No NSFW clips yet? Besides talk that is.


----------



## pmyers (Jan 4, 2001)

Einselen said:


> No NSFW clips yet? Besides talk that is.


not other that Steven streaking and your occasional changing picture. There are some clips of Ollie and April supposedly doing something under the sheets but who knows what they were doing.


----------



## WhiskeyTango (Sep 20, 2006)

Man, even the houseguests have mentioned on more than one occassion that they are a boring bunch for BBAD. Michelle mentioned that if they had some wine in the house, she may get a bit more 'adventurous'. 

No partying, no nudity, no conflict...nothing but a dozen people laying around talking. Praise Tivo for giving us the power of FFWx3.


----------



## marksman (Mar 4, 2002)

MikeekiM said:


> Saturday's BBAD was one of the more interesting I've seen... I loved the whole fake production of the BB late night talk show...
> 
> None of it was on Sunday's ep... I wonder if any of it will show up on Tuesday...

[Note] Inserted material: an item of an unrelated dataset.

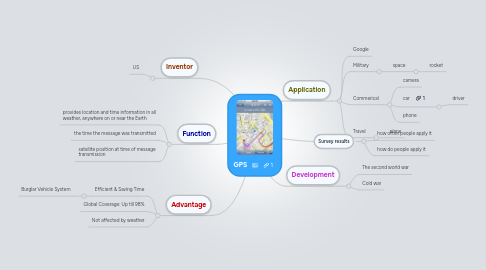 Mind Map: GPS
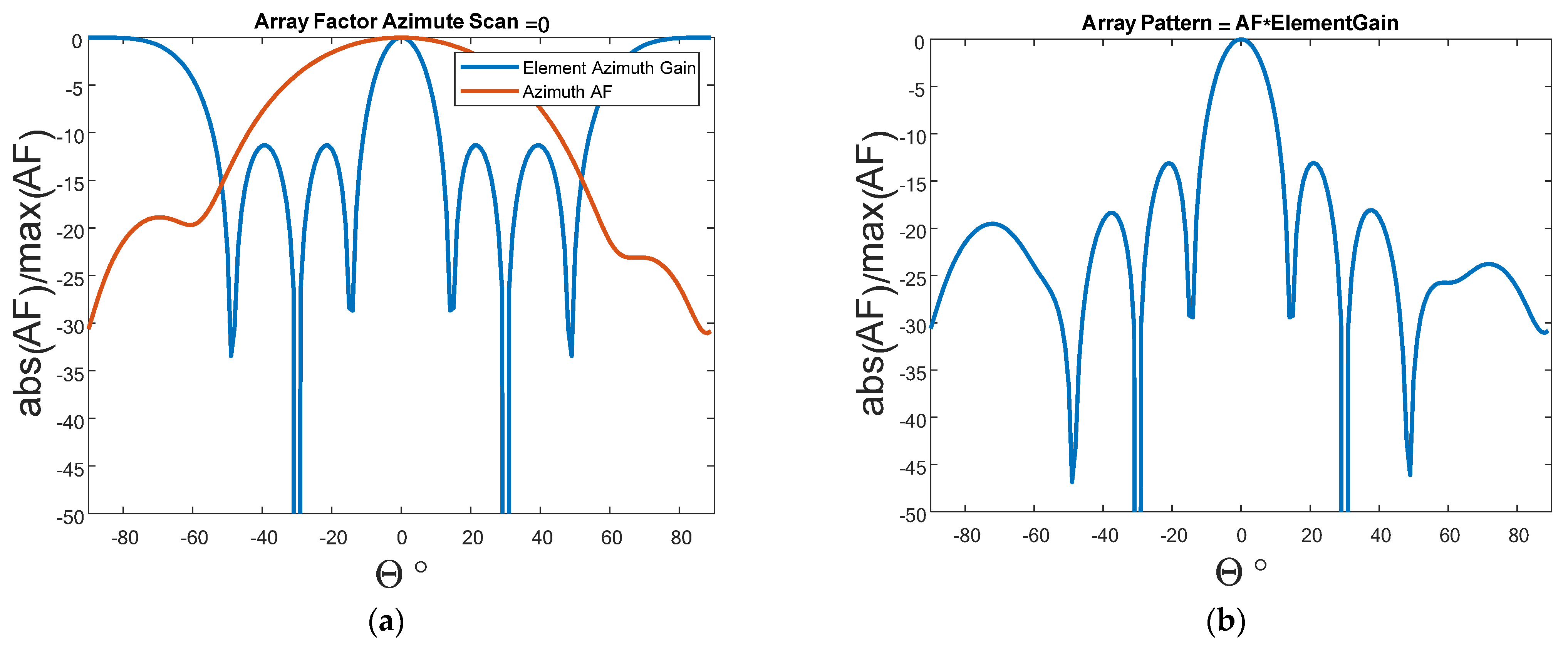 Electronics 11 02233 g011a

This is the problem with the show these days. The actual produced show spends zero time on the houseguests and what they do with their free time. All of the programmed shows are dedicated to the "events" they plan each week. It kind of sucks, and is one of the things better about some of the foreign shows.

You get a lot more of the houseguests just living and doing things and being stupid.

But now it is Food Comp, Eviction, POV, See the HOH Room and the week is over. They may squeeze in a handful of moments during the week but it is rare.

Stuff with no controversy and just fun like the Talk Show will almost never make the air, as the last few years they don't seem to like to show anything that does not highlight conflict.


----------



## Einselen (Apr 25, 2006)

marksman said:


> Stuff with no controversy and just fun like the Talk Show will almost never make the air, as the last few years they don't seem to like to show anything that does not highlight conflict.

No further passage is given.